Le ré-ensauvagement est devenue en quelques années une approche très populaire au sein de l’opinion, quelles sont ses limites ?

Déjà, en raison de certaines contraintes qu’il implique sur les activités humaines comme l’agriculture, le pastoralisme ou le tourisme, le ré-ensauvagement n’est pas possible partout. Laisser-faire la nature ainsi que réintroduire de grands mammifères, herbivores ou prédateurs entraînent des questionnements et des discussions éthiques. Il y a des débats sur le bien-être animal si des mammifères prolifèrent trop puis se retrouvent à manquer de nourriture. Il y a les peurs liées aux prédateurs comme les loups, les ours ou encore les rapaces. À cela s’ajoutent des considérations comme les collisions avec les véhicules ou les dégâts sur les cultures et les troupeaux. Ces éléments font que le ré-ensauvagement n’est pas possible partout, mais il n’en reste pas moins une approche complémentaire de la restauration écologique.

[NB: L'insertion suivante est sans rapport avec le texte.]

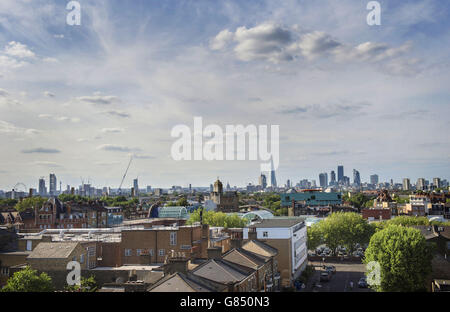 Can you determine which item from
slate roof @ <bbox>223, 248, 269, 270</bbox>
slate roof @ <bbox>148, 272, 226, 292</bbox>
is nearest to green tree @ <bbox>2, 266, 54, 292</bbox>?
slate roof @ <bbox>148, 272, 226, 292</bbox>

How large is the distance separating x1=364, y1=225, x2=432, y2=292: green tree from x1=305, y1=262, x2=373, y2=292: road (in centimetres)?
828

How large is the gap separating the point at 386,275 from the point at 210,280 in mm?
27887

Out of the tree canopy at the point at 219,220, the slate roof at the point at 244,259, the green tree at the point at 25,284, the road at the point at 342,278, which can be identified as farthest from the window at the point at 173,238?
the tree canopy at the point at 219,220

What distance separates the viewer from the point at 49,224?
97.5 meters

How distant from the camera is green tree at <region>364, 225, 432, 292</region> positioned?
46469 mm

Avez-vous un dernier mot ?

Il existe également une approche fondée sur la libre-évolution, sur une zone limitée, qui est une forme de ré-ensauvagement passif. Elle représente aussi une approche complémentaire. L’Aspas l’expérimente en France et dans le Vercors. Le ré-ensauvagement, en plus de laisser la nature évoluer, nécessite un grand travail avec les populations pour expliquer et faire accepter la démarche. Il faut savoir qu’à l’heure actuelle, les projets de ré-ensauvagement sont portés avant tout par les ONG comme Rewilding Europe ou l’Aspas en France.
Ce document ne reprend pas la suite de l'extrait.